Ensemble, elles racontent et partagent leur condition de filles, saisissant la nuance entre les deux sexes : « On est une mauvaise fille parce qu’on est quelque chose. On est un mauvais garçon parce qu’on fait quelque chose. » Et pour cela, elles sont envoyées au couvent jusqu’à leur majorité. Au mieux. De 5h30 à 20h15, leurs journées se répètent et se ressemblent, entre les exercices religieux et le travail « au lavoir, à la buanderie, à l’atelier de couture », à, entre autres, fabriquer des chemises, des bonnets et à nettoyer les uniformes et les draps des soldats… Une organisation qui ravit Sœur Marie-Emmanuelle : « C’est merveilleux, tout le monde travaille. La maison a pris cet aspect de ruche, industrieuse et sainte. Les filles donnent leur temps, pour la communauté. Il le faut, l’État ne donne rien, ou presque, et le bâtiment s’écroule. Si l’on ne veut pas descendre d’un étage, sans passer par les escaliers, il faut bien étayer les planchers er donner un abri aux pénitentes, qui se multiplient. » En effet, entre 1821 et 1897, le nombre de filles placées passe de 24 à 606. 

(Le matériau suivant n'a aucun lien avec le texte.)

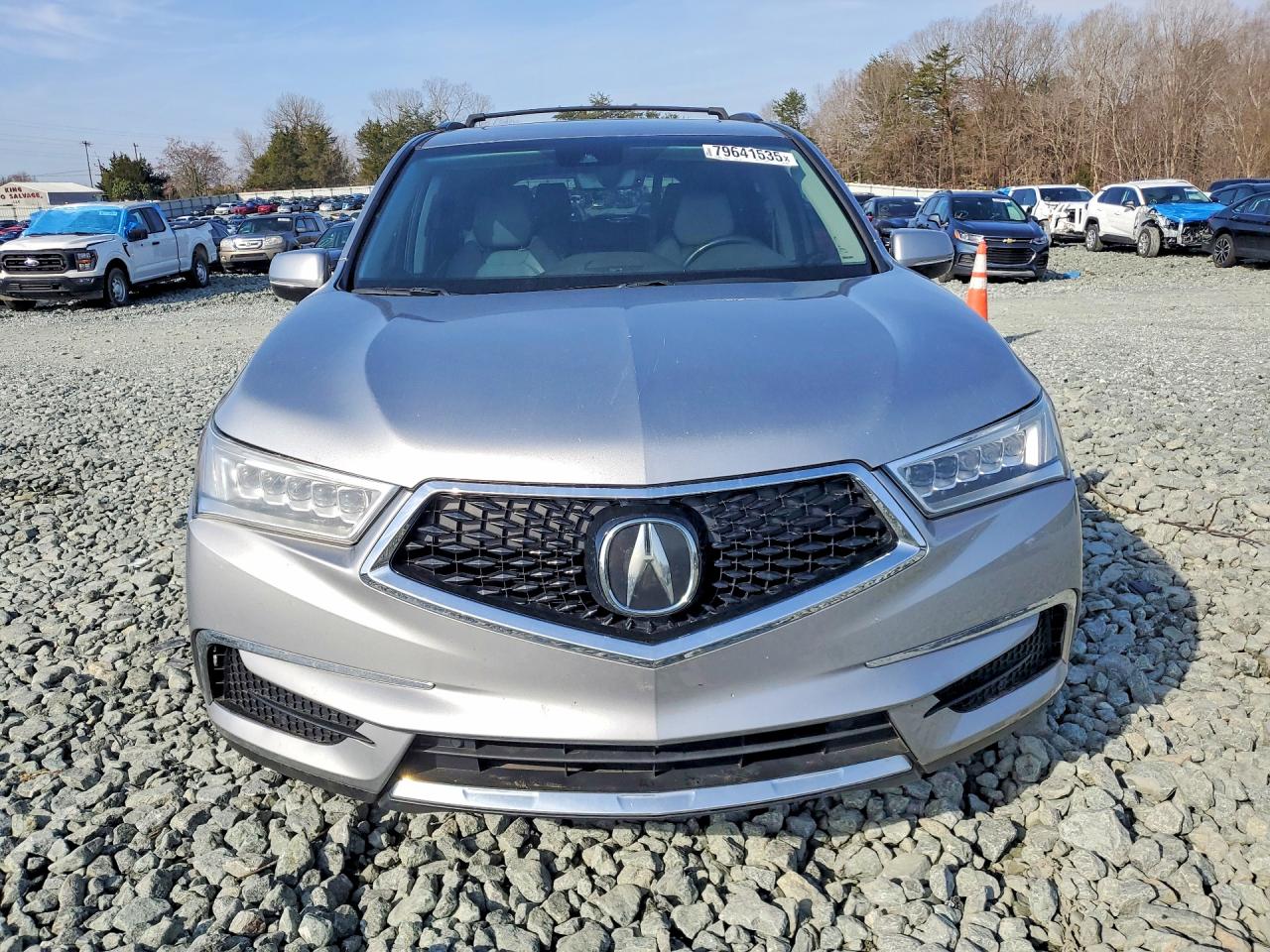 Acura MDX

Les doigts brûlés à force de frotter le linge, les yeux fatigués à force de se concentrer sur leurs ouvrages, leurs esprits coupés de leurs corps emprisonnés entre les murs du couvent mais aussi dans leurs habits qu’elles n’enlèvent même pas pour la toilette « de peur qu’on fasse des bêtises, qu’on découvre des choses… agréables, toutes seules », elles rêvent de liberté. De franchir les murs qui encerclent le domaine. De s’enfuir. De vivre les vies qu’elles entendent. Pour matraquer leurs aspirations rebelles, le cachot, l’isolement, le pain sec. Pendant plusieurs semaines. « Avec ce genre de petits démons, il faut employer la manière forte. Pour leur bien. Et ça marche, Anne est plus docile désormais. Elle a compris », s’enorgueillit la bonne-sœur, tandis que Gisèle affirme un tout autre point de vue :

« Deux semaines sans parler, sans voir personne, ça rend fou. Elle, ça l’a rendue folle. Elle ne parlait plus de s’évader. Elle ne parlait plus, tout court. » 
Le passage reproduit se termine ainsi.